» **Task directions**: Once you find the line that contains "Editorial diagram showing", write out that line and every line after it to the end of the records, exactly and with nothing else.
[[ Input data open ]]
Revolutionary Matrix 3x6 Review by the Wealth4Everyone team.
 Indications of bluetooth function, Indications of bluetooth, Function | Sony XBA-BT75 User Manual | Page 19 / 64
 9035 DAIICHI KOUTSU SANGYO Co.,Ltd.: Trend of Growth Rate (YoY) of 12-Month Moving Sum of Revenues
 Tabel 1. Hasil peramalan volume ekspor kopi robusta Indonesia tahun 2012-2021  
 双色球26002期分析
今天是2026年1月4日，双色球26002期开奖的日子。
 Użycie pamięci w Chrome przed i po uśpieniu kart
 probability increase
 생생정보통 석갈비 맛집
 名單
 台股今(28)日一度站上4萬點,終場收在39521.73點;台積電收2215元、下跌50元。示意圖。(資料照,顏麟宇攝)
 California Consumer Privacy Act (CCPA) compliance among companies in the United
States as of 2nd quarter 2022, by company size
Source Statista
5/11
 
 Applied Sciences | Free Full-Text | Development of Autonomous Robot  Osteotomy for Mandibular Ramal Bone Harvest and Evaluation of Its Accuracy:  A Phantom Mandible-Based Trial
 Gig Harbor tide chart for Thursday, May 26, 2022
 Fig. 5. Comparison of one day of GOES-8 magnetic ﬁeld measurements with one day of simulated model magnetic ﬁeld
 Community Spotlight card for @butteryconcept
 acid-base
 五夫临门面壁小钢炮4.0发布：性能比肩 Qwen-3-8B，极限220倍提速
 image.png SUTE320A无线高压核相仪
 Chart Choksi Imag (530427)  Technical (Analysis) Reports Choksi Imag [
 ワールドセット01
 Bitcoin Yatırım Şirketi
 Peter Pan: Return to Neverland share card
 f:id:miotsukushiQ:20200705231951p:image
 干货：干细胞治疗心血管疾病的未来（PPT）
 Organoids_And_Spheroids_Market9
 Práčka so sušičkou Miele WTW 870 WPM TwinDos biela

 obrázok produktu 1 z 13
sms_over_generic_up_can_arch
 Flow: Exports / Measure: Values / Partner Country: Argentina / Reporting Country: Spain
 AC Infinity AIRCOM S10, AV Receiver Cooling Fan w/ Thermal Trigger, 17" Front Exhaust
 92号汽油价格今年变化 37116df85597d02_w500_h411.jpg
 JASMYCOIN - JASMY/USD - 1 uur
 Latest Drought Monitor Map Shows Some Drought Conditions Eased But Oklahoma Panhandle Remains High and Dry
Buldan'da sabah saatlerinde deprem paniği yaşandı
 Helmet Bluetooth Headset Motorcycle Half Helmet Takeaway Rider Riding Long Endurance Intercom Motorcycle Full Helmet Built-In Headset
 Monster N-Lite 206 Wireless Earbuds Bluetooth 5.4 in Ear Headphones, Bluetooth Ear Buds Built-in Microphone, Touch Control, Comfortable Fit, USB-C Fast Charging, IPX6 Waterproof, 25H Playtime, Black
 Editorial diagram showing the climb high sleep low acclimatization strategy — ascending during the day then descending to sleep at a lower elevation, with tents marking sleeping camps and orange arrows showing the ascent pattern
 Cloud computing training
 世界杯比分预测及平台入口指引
[[ Input data closed ]]
» **Response**:
 Editorial diagram showing the climb high sleep low acclimatization strategy — ascending during the day then descending to sleep at a lower elevation, with tents marking sleeping camps and orange arrows showing the ascent pattern
 Cloud computing training
 世界杯比分预测及平台入口指引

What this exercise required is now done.